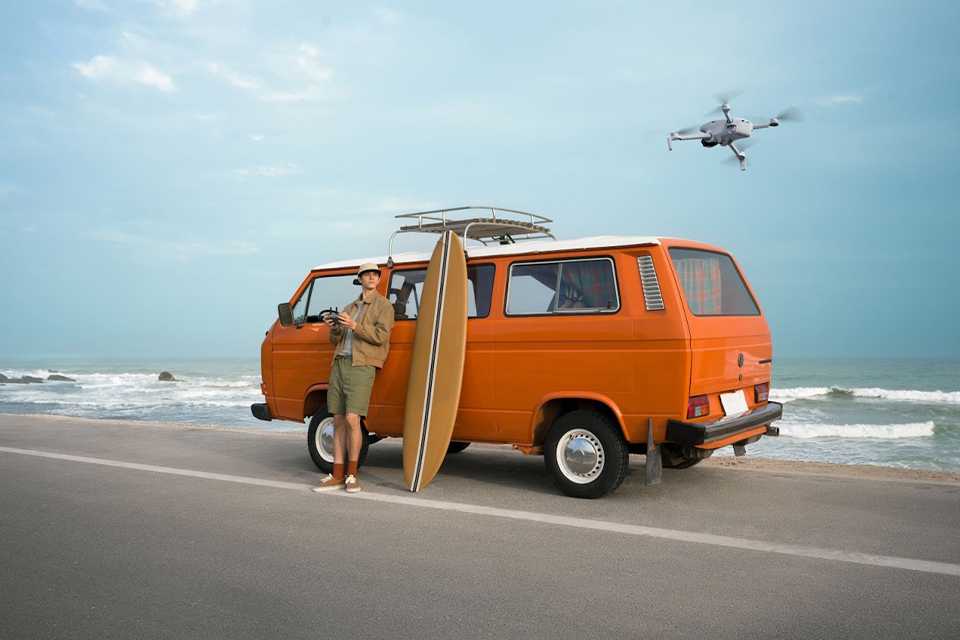 A man using a DJI Lito X1 Fly More 33MP camera drone outside his van near a seashore.
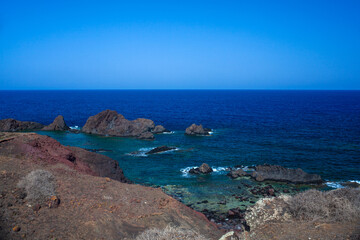 View of the lava beach of Linosa Called Faraglioni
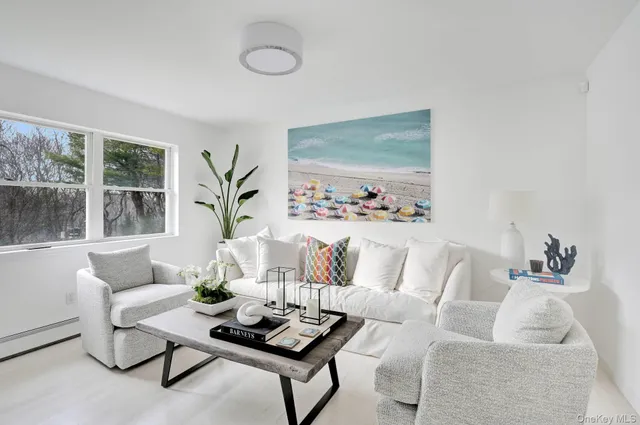 a living room with furniture and a potted plant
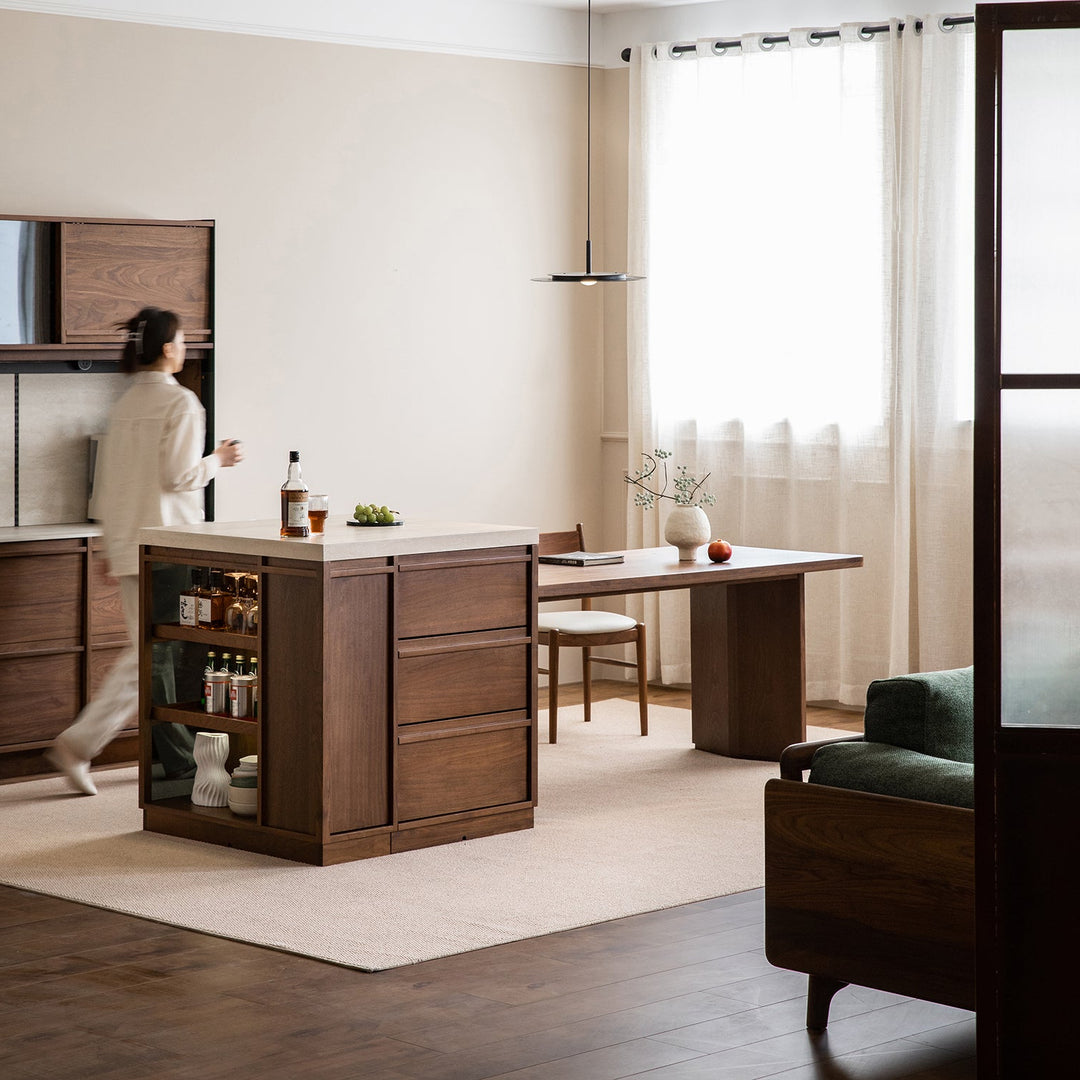 Japandi walnut wood sintered stone island dining table with cabinet axis primary product view.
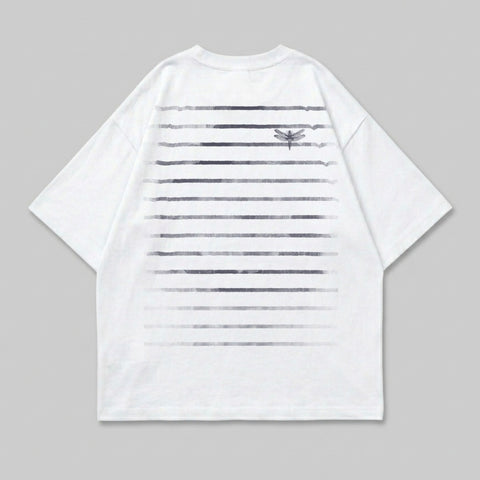 White t-shirt with horizontal gradient stripes and a small dragonfly graphic.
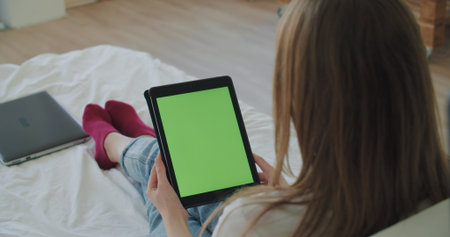 View over head on of caucasian woman lying on the bed at home. Girl holding tablet computer with green screen while watching something. Chroma keyの写真素材
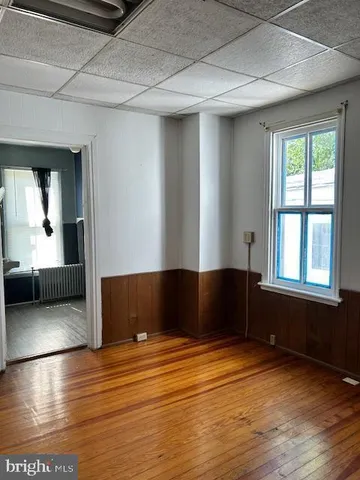 a view of a room with wooden floor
::::
▶ [WHAT YOU NEED TO DO]: Repeat the entries exactly, without pictures.

▶ [RESPONSE TO THIS TASK]:
 A man using a DJI Lito X1 Fly More 33MP camera drone outside his van near a seashore.
 View of the lava beach of Linosa Called Faraglioni
 a living room with furniture and a potted plant
 Japandi walnut wood sintered stone island dining table with cabinet axis primary product view.
 White t-shirt with horizontal gradient stripes and a small dragonfly graphic.
 View over head on of caucasian woman lying on the bed at home. Girl holding tablet computer with green screen while watching something. Chroma keyの写真素材
 a view of a room with wooden floor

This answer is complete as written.